RECORDS FOR THE EXERCISE:

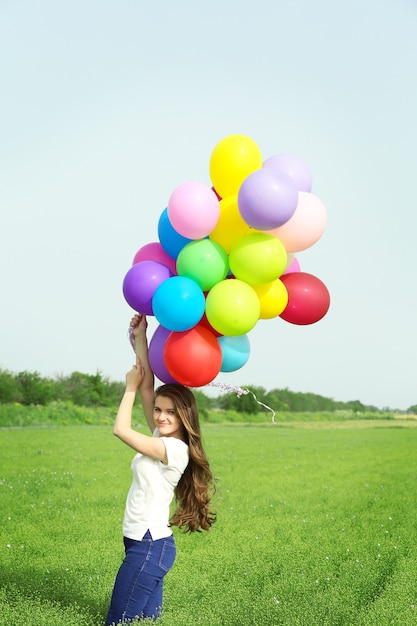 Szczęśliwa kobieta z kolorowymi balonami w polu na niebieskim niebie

--

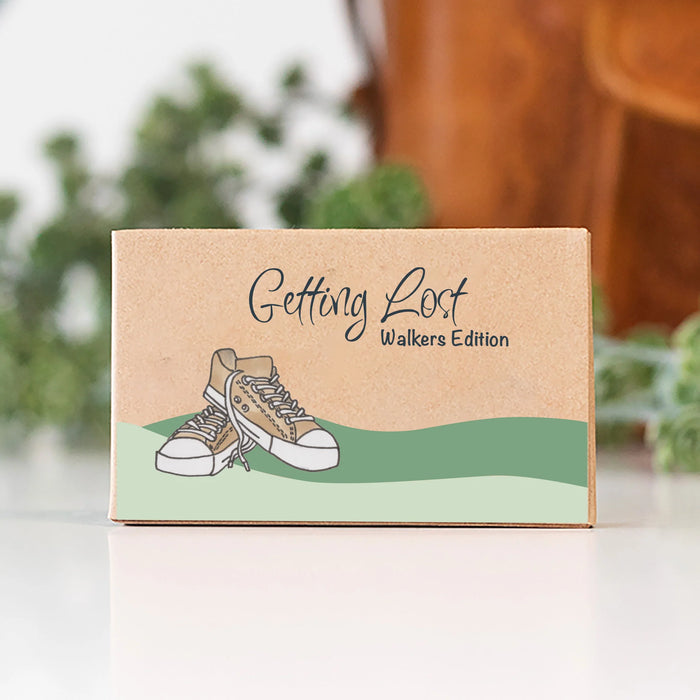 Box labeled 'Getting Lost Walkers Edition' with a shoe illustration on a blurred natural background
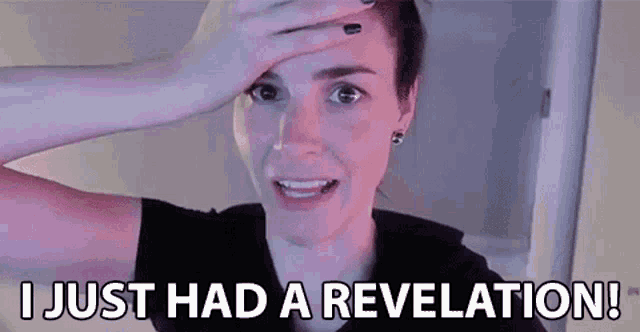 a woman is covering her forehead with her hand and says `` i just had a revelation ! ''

TASK REQUIREMENTS: Everything above from the line containing "Box labeled 'Getting" through the line containing "a woman is covering" must be repeated exactly, and the pictures must be left out.

TASK RESPONSE:
 Box labeled 'Getting Lost Walkers Edition' with a shoe illustration on a blurred natural background
 a woman is covering her forehead with her hand and says `` i just had a revelation ! ''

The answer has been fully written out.